**GOAL OF THE EXERCISE:**
Output only the lines below from the one holding "SELVAGE DENIM FIVE POCKET TAPERED PANTS" down to the one holding "Кава розчинна сублімована", both end lines included and every picture dropped.

(Captioned web images)
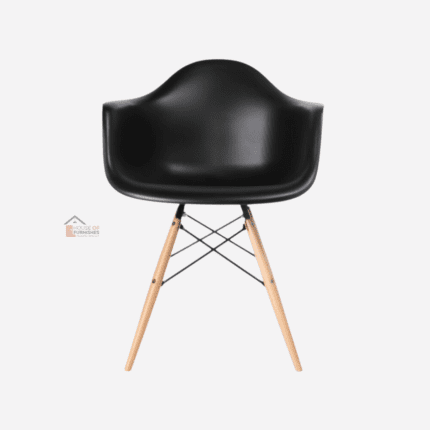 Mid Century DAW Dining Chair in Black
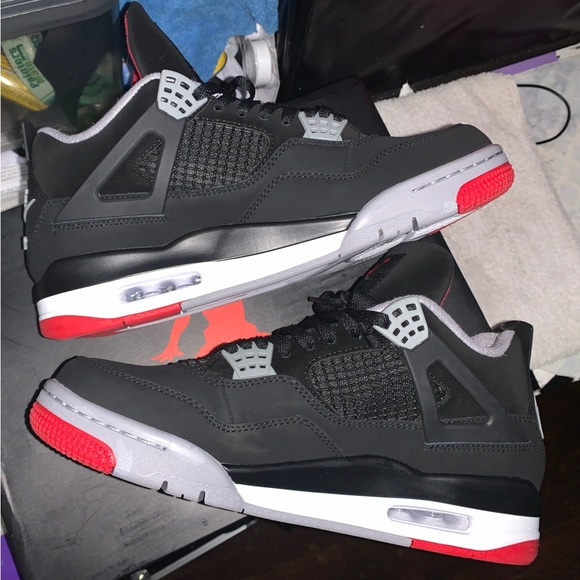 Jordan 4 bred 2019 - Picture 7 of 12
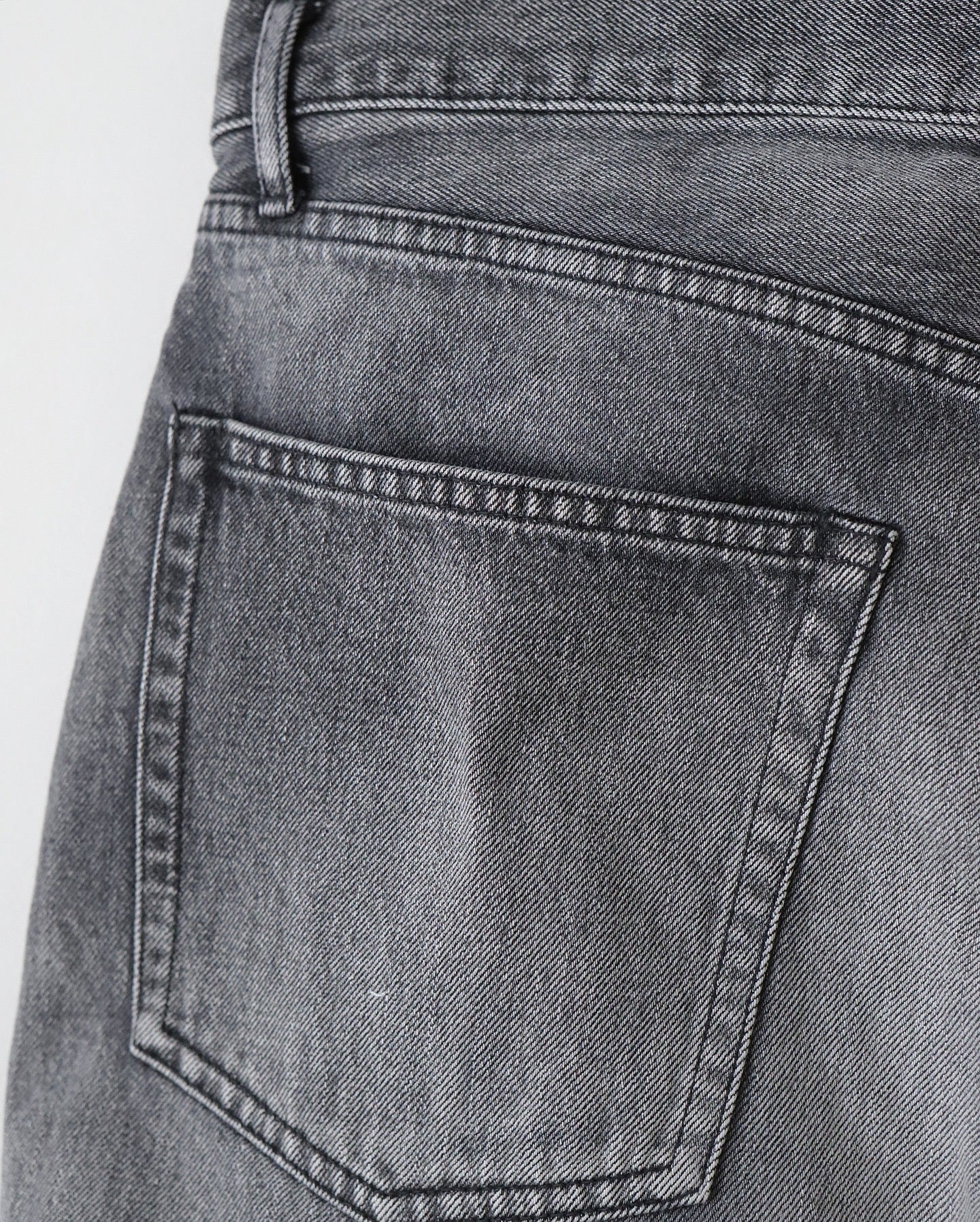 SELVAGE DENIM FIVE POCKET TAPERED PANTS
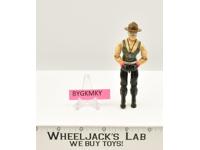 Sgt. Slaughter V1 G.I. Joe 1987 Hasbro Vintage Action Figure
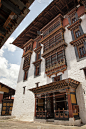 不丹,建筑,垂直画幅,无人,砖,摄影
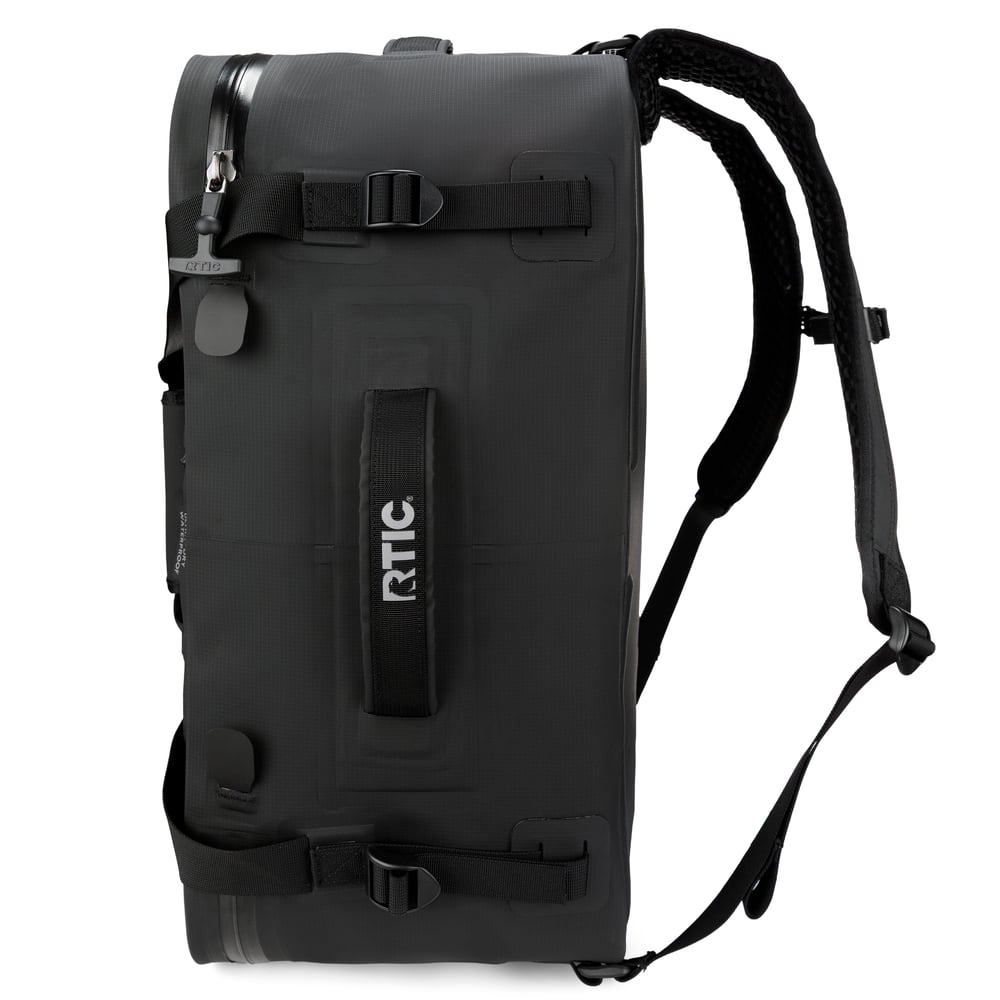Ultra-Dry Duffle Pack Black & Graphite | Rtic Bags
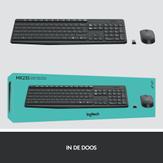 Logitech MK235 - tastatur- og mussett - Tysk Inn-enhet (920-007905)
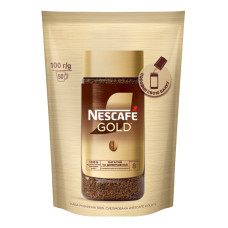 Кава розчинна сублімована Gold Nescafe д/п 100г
...
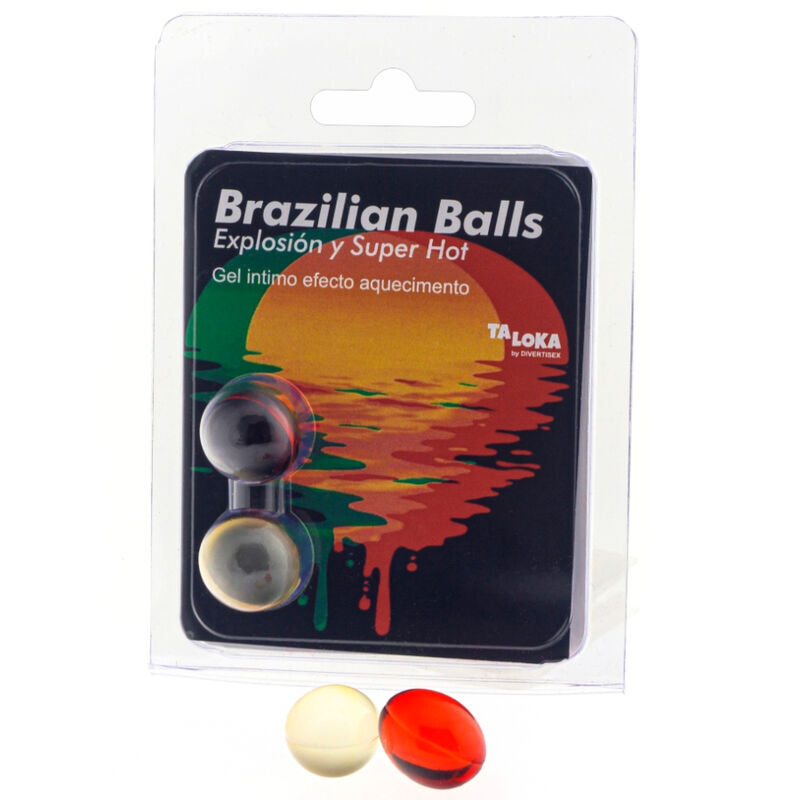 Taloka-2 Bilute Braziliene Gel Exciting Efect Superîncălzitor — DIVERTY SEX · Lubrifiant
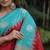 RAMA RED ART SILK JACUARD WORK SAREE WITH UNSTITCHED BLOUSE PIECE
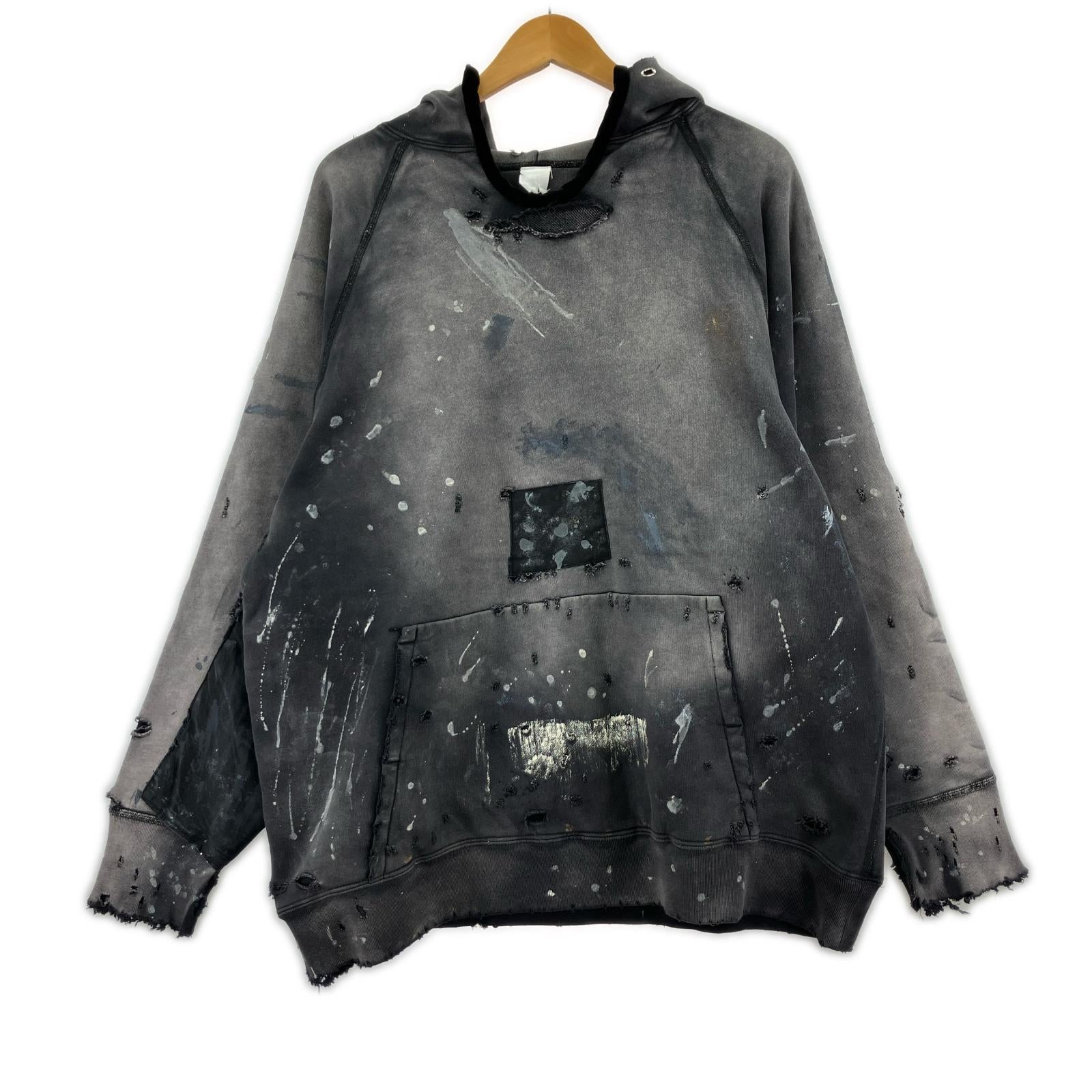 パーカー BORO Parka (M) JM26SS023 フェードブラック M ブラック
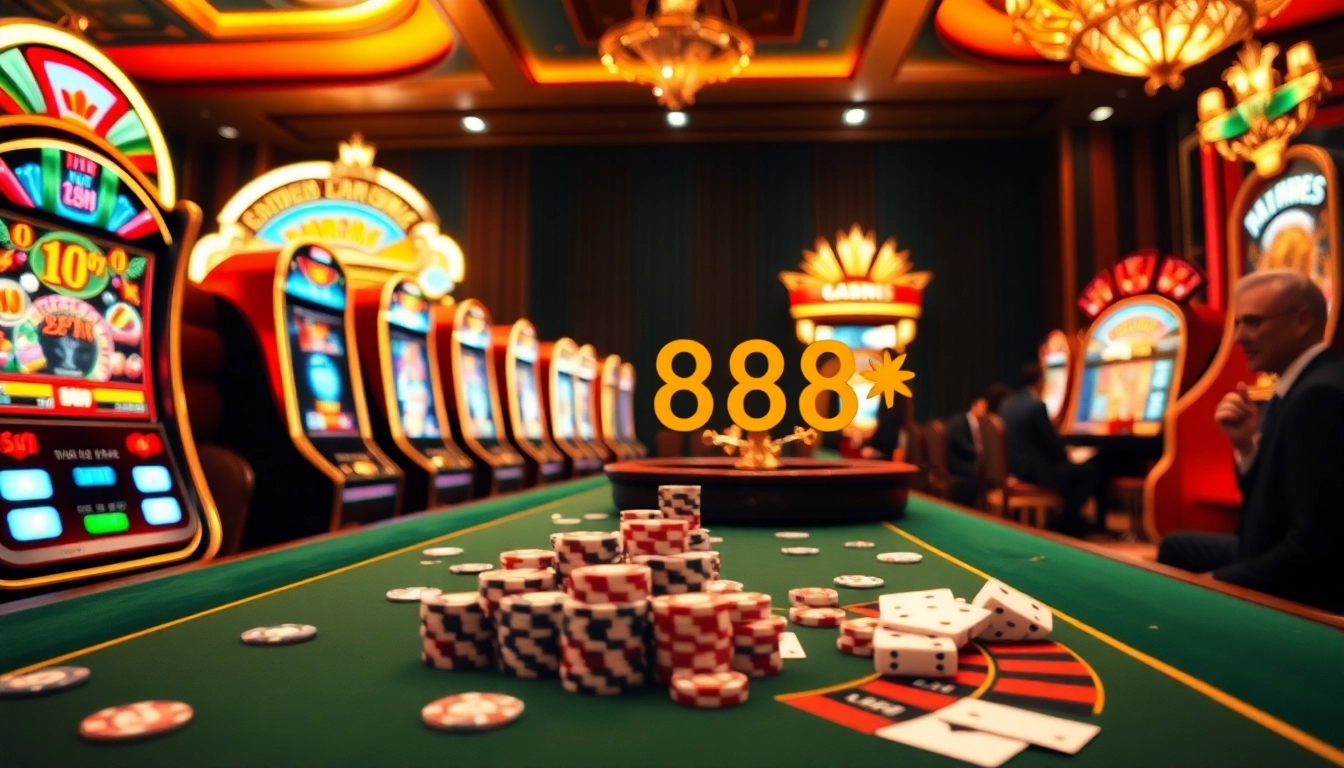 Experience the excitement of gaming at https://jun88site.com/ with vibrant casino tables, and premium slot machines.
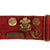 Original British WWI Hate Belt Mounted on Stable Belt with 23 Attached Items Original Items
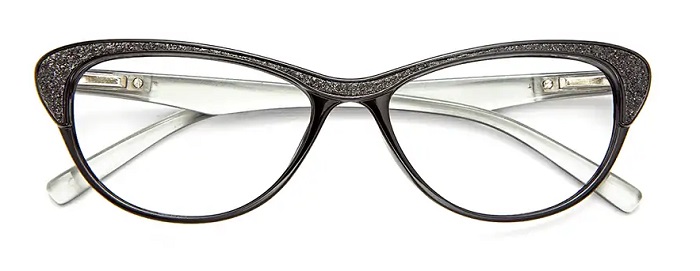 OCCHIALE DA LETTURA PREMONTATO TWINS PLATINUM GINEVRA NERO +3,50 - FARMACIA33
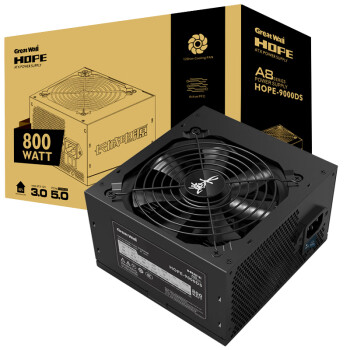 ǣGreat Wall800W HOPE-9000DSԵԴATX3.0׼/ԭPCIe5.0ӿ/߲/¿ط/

**ANSWER:**
 SELVAGE DENIM FIVE POCKET TAPERED PANTS
 Sgt. Slaughter V1 G.I. Joe 1987 Hasbro Vintage Action Figure
 不丹,建筑,垂直画幅,无人,砖,摄影
Ultra-Dry Duffle Pack Black & Graphite | Rtic Bags
 Logitech MK235 - tastatur- og mussett - Tysk Inn-enhet (920-007905)
 Кава розчинна сублімована Gold Nescafe д/п 100г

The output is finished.